***** THE INPUT
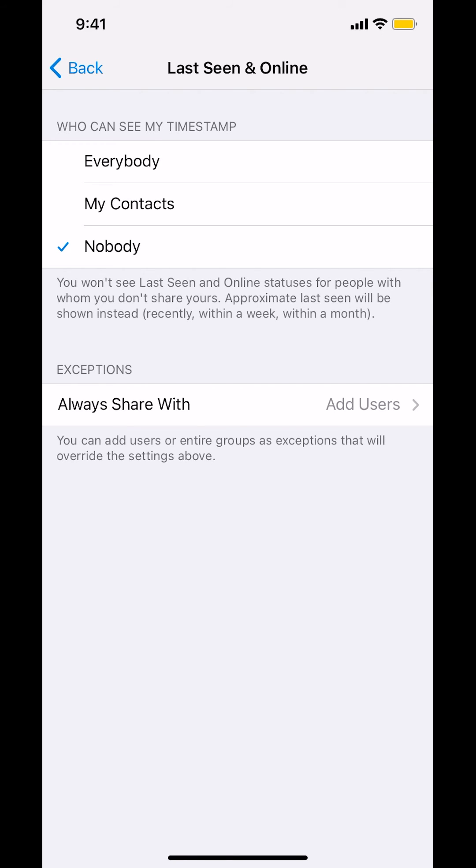And that's how you hide online status on Telegram app. If you have any other questions, leave them in the comment section below. And thank you for watching.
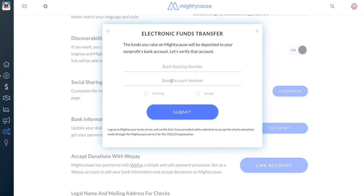If you're not sure where to find this information, please check with someone in your accounting department so that you can be sure this information is correct and you're listing your correct routing number and bank account number. From there, you'll want to specify whether it's a checking account or a savings account, and then click Submit.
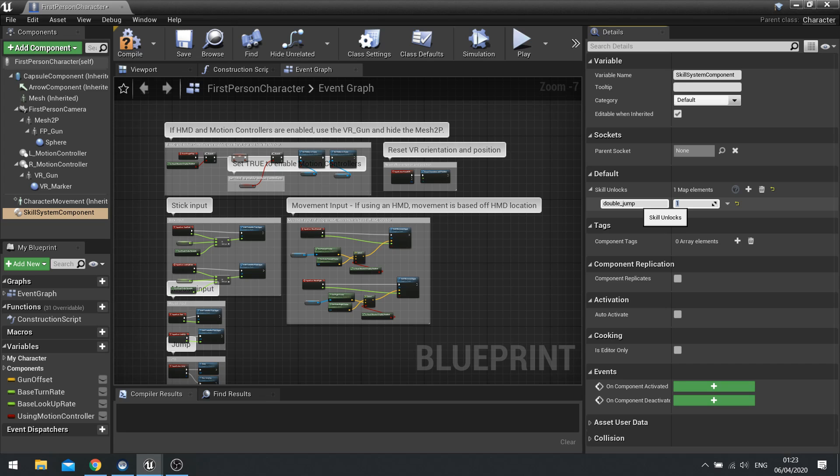Now I'm hard coding this in. When we get to that point later on what we'll do is we'll be having a UI where we can click on a button, spend some perk points and unlock this through that means. But for testing purposes we're going to keep it like so.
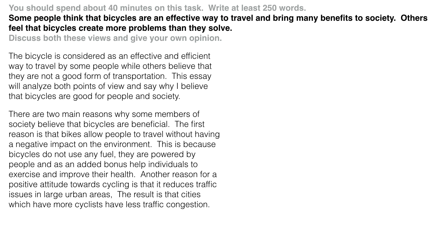So reduction of traffic — but now we need more about that. What is the result of less traffic? More cyclists means there will be less traffic congestion. It's not just reason after reason; we need explanations, examples, and results. There's no example in this paragraph but it is coming in the next one. Aim for four or five sentences in the body paragraph.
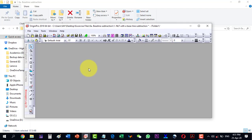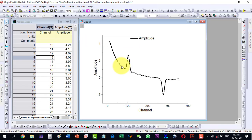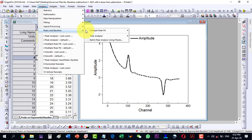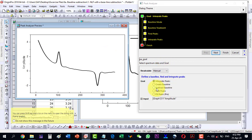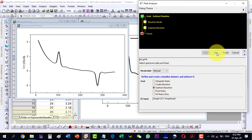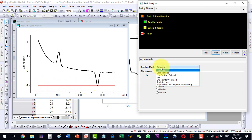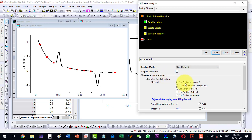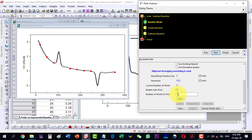A second method is to subtract the baseline directly without creating it separately. Select the plot, go to Analysis > Peaks and Baseline > Peak Analyzer > Open Dialog. This time select 'Subtract Baseline' and click Next. The baseline mode defaults to Constant, but we change it to User Defined, select Second Derivatives, and use Auto Find with 8 points.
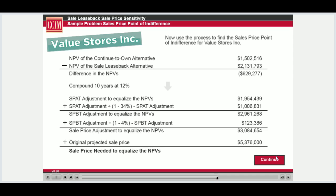This final number represents how much more the property needs to sell for in the future in order to equalize the two alternatives.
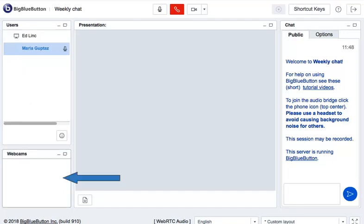This window on the bottom left is the webcam window. Often, it's only the instructor sharing the webcam. But you, as a learner, can also share your webcam.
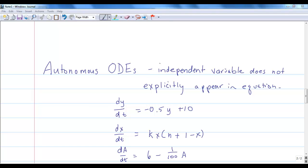We've talked about different ways of classifying differential equations — ODE versus PDE, the order, and whether it's linear or nonlinear. There's another term you need to know: whether or not an ODE is autonomous. An autonomous differential equation means the independent variable does not explicitly appear in the equation. With our M&Ms, dy/dt = negative 0.5y + 10 has no t in it. Similarly for the spread of disease model, where dependent variable is x and independent variable t does not appear.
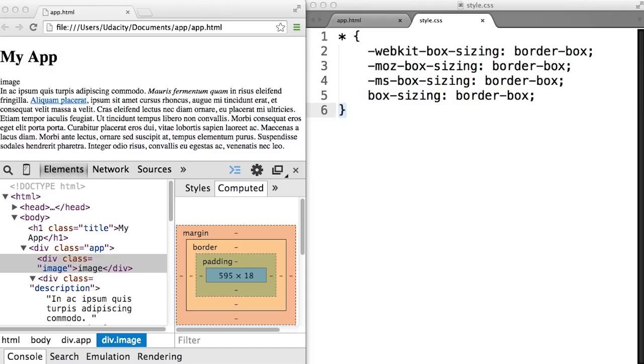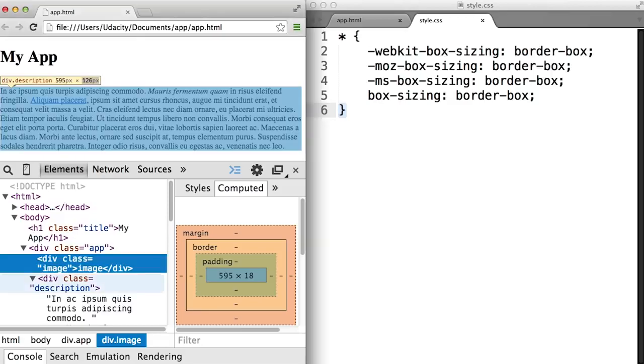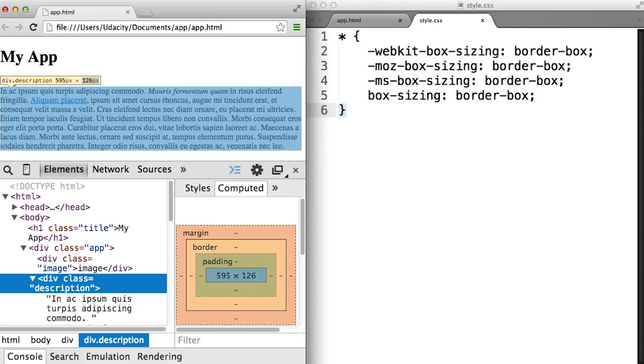First, let's take a look at our My App page before we make the change. Notice that the image is 595 pixels wide, while the description is also 595 pixels wide. It's basically the length of our current screen.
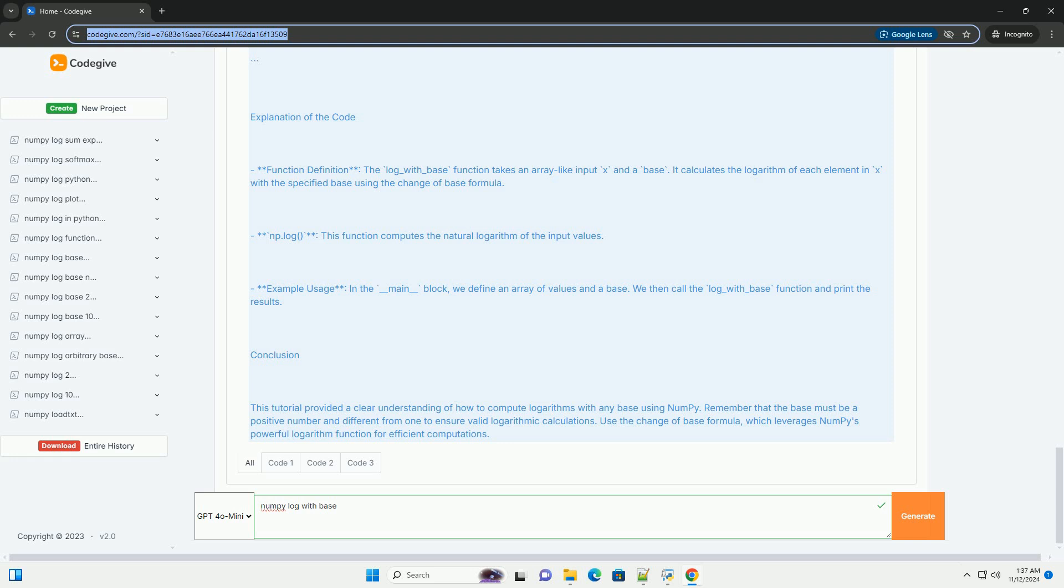Explanation of the code: Function definition - the log_with_base function takes an array-like input x and a base. It calculates the logarithm of each element in x with the specified base using the change of base formula. np.log computes the natural logarithm of the input values. Example usage: in the main block, we define an array of values and a base, then call the log_with_base function and print the results.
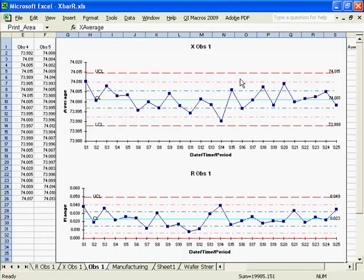An X-Bar R chart can be used to monitor and evaluate process performance using time, length, weight, or cost when there are two to five samples per period.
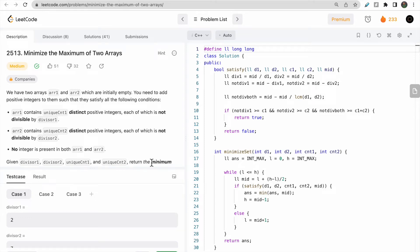Welcome to the channel DeepCourse. Today in this video we will discuss a LeetCode bi-weekly contest problem: minimize the maximum of two arrays.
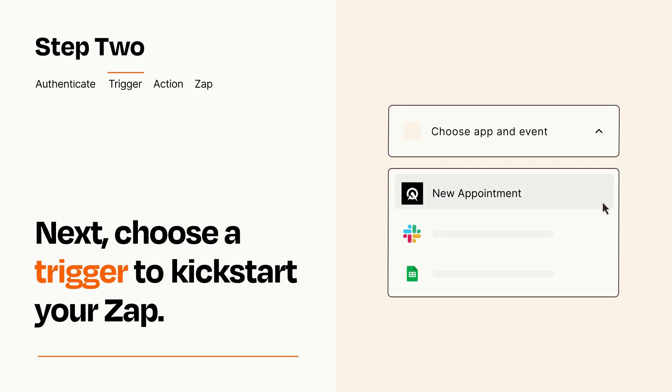Now let's set up your trigger, which is the event that starts your Zap. Pick the trigger event that you want from the list.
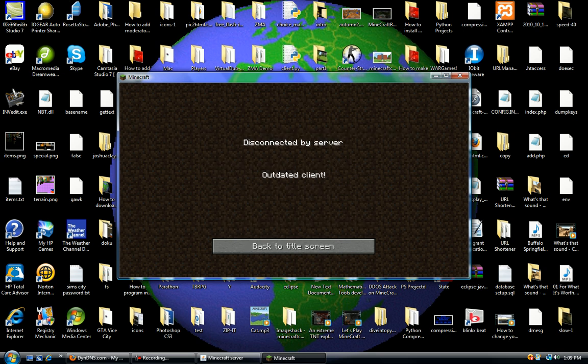And like magic... Oh, it's an outdated client. That's because I need to update my client. But let's assume that wasn't there. We'd connect like magic.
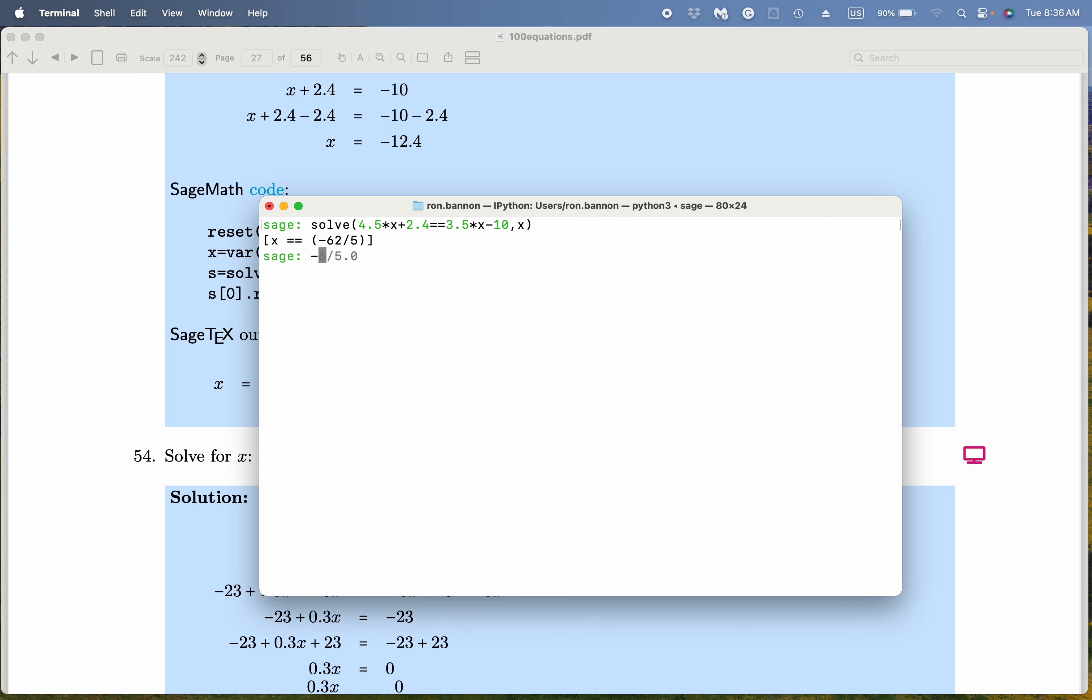Let me just go through the work, though. Minus 62 divided by 5.0. What does Sage tell me? Minus 12.4. It's the same answer. They're both exactly correct. Thank you.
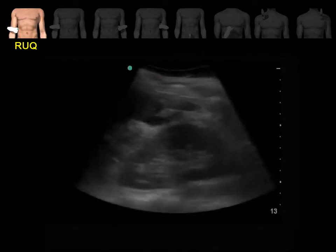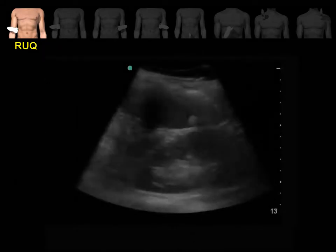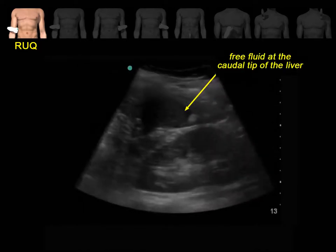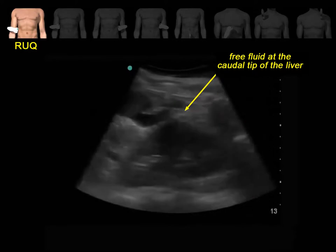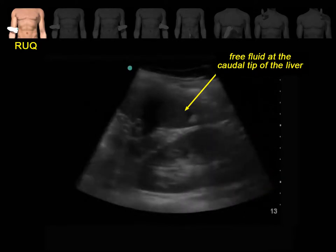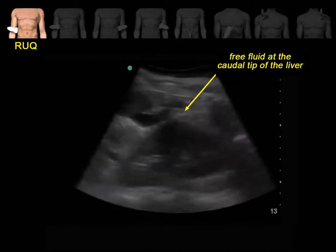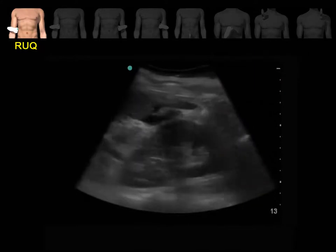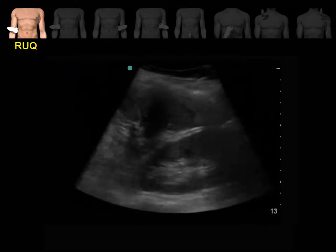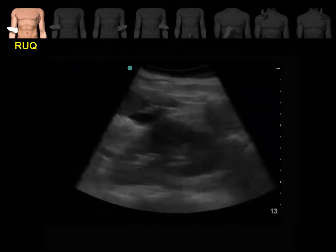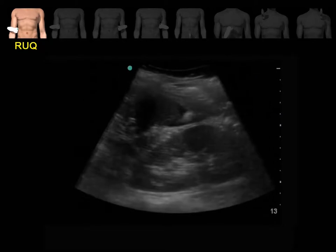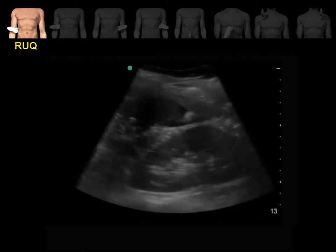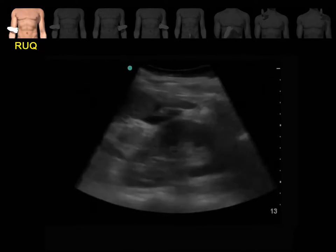This is a 26-year-old male who presented to the ED after a motor vehicle accident. You can see a small area of free fluid collection at the caudal tip of the liver. If we scan only the interface between the liver and the kidney without paying attention to the caudal tip, there is a good chance we may miss this significant finding. Always make sure you include all the areas of interest, not only the interface between the liver and the right kidney.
**********
TASK DESCRIPTION => All that is wanted is the lines above between the one containing "And like magic..." and the one containing "Let me just", inclusive, restated word for word, with pictures omitted.

WRITTEN REPLY =>
And like magic... Oh, it's an outdated client. That's because I need to update my client. But let's assume that wasn't there. We'd connect like magic.
Let me just go through the work, though. Minus 62 divided by 5.0. What does Sage tell me? Minus 12.4. It's the same answer. They're both exactly correct. Thank you.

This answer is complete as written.